原来NOI也会出裸题啊……
用multiset求出对付每一个BOSS使用的武器威力\(ATK_i\),可以得到\(m\)个式子\(ATK_ix \equiv a_i \mod p_i\)
看起来可以直接魔改式子了……
等一下!如果\(a_i > p_i\),\(ATK_ix<a_i\)没把BOSS打死怎么办QAQ
看数据范围,没有特性1(\(a_i \leq p_i\))的点似乎\(p_i=1\)?那不只要保证攻击次数能够把所有BOSS血量打到\(\leq 0\)就行了,,,于是这个顾虑就消除了(虽然要写数据分治)
考虑上面得到的式子,很像ExCRT,但ExCRT的式子都长\(x \equiv b_i \mod p_i\),这里的式子不长这样。于是考虑改式子。
如果\(gcd(ATK_i , p_i) \not\mid a_i\),显然原式无解。
当\(gcd(ATK_i , p_i) \mid a_i\)时,求出\(ATK_ix + p_iy = gcd(ATK_i,p_i)\)的一组解\((x_1,y_1)\),那么\(ATK_ix + p_iy = a_i\)的一组解就是\((\frac{x_1a_i}{gcd(ATK_i,p_i)} , \frac{y_1a_i}{gcd(ATK_i,p_i)})\)。
那么\(ATK_ix \equiv a_i \mod p_i\)的通解就是\(x \equiv \frac{x_1a_i}{gcd(ATK_i,p_i)} \mod \frac{p_i}{gcd(ATK_i,p_i)}\)。

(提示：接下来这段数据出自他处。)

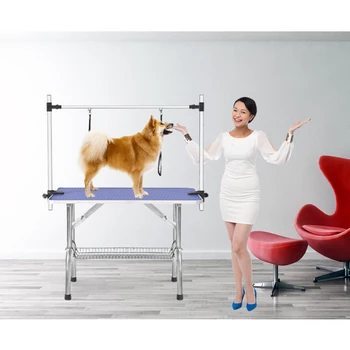 36-дюймовый Складной стол для ухода за собаками и кошками из сверхпрочной нержавеющей стали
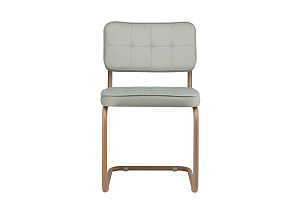 Конференц-кресло ECO-CHAIR COLOMBO Comfort CLM-05 Серый велюр / Капучино металл фото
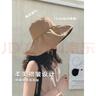 目丸黑胶防晒帽遮阳帽子女夏遮脸防紫外线太阳帽UV渔夫帽大沿韩版折叠 【大爱百搭黑】 帽围(56-58cm) 实拍图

这个式子长得跟ExCRT的式子相同了,直接套板子即可。
值得注意的是,因为模数可能超过int,导致可能出现乘法爆long long。解决方案是log龟速乘/long double型快速乘/__int128
// luogu-judger-enable-o2
#include<bits/stdc++.h>
#define ll long long
//This code is written by Itst
using namespace std;
inline ll read(){
ll a = 0;
char c = getchar();
while(!isdigit(c))
c = getchar();
while(isdigit(c)){
a = (a << 3) + (a << 1) + (c ^ '0');
c = getchar();
}
return a;
}
inline void exgcd(ll a , ll b , ll &d , ll &x , ll &y){
!b ? d = a , x = 1 , y = 0 : (exgcd(b , a % b , d , y , x) , y -= a / b * x);
}
inline ll max(ll a , ll b){
return a > b ? a : b;
}
inline ll slow_times(ll a , ll b , ll MOD){
ll ans = 0;
while(b){
if(b & 1)
ans = (ans + a) % MOD;
a = (a << 1) % MOD;
b >>= 1;
}
return ans;
}
const int MAXN = 1e5 + 10;
multiset < ll > sword;
multiset < ll > :: iterator it;
int atk[MAXN] , ATK[MAXN] , N , M;
ll ans , P , gcd , x , y , a[MAXN] , m[MAXN] , hp[MAXN] , re[MAXN];
signed main(){
#ifndef ONLINE_JUDGE
freopen("in" , "r" , stdin);
//freopen("out" , "w" , stdout);
#endif
for(int T = read() ; T ; --T){
N = read();
M = read();
bool special = 1;
for(int i = 1 ; i <= N ; ++i)
hp[i] = read();
for(int i = 1 ; i <= N ; ++i)
special &= (re[i] = read()) == 1;
for(int i = 1 ; i <= N ; ++i)
atk[i] = read();
sword.clear();
for(int i = 1 ; i <= M ; ++i)
sword.insert(read());
for(int i = 1 ; i <= N ; ++i){
it = sword.upper_bound(hp[i]);
if(it != sword.begin())
--it;
ATK[i] = *it;
sword.erase(it);
sword.insert(atk[i]);
}
ans = 0;
if(special){
for(int i = 1 ; i <= N ; ++i)
ans = max(ans , hp[i] / ATK[i] + (hp[i] % ATK[i] ? 1 : 0));
cout << ans << '\n';
continue;
}
bool f = P = 1;
for(int i = 1 ; f && i <= N ; ++i){
exgcd(ATK[i] , re[i] , gcd , x , y);
if(hp[i] % gcd)
f = 0;
x = x % re[i];
if(x < 0)
x += re[i];
m[i] = re[i] / gcd;
a[i] = slow_times(x , hp[i] / gcd , m[i]);
}
for(int i = 1 ; f && i <= N ; ++i){
ll pre = (a[i] - ans % m[i] + m[i]) % m[i];
exgcd(P , m[i] , gcd , x , y);
if(pre % gcd)
f = 0;
x = x % m[i];
if(x < 0)
x += m[i];
ans = (ans + slow_times(slow_times(x , P , P / gcd * m[i]) , pre / gcd , P / gcd * m[i])) % (P / gcd * m[i]);
P = P / gcd * m[i];
}
cout << (f ? ans : -1) << '\n';
}
return 0;
}